[TASK BRIEF]
The result should be an exact copy of the data, free of pictures.

[DATA EXTRACT]
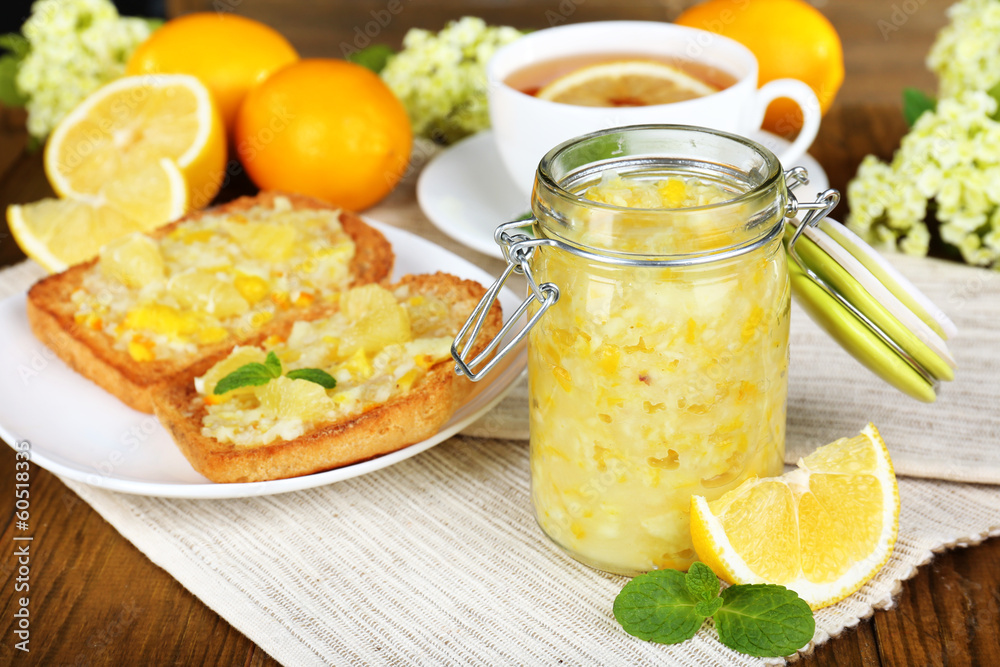 Tasty lemon jam with cup of tea on table close-up Tasty lemon jam with cup of tea on table close-up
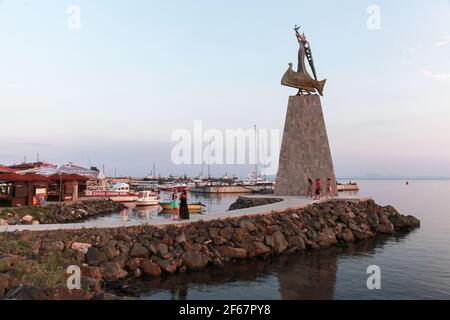 Nessebar, Bulgaria - July 20, 2014: Tourists walk near the Statue of Saint Nicholas in Nessebar old town Stock Photo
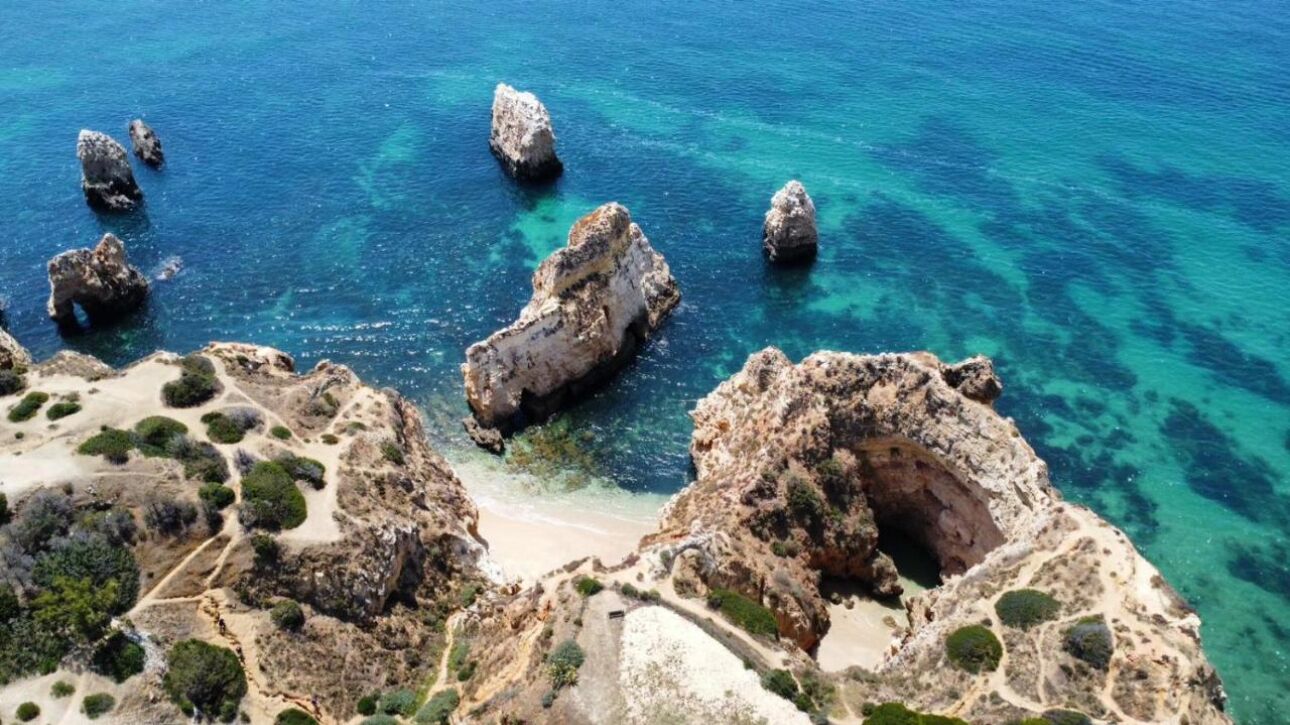 An aerial view of a coastal area with rocky formations and clear blue waters.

[PROBLEM SOLUTION]
 Tasty lemon jam with cup of tea on table close-up Tasty lemon jam with cup of tea on table close-up
 Nessebar, Bulgaria - July 20, 2014: Tourists walk near the Statue of Saint Nicholas in Nessebar old town Stock Photo
 An aerial view of a coastal area with rocky formations and clear blue waters.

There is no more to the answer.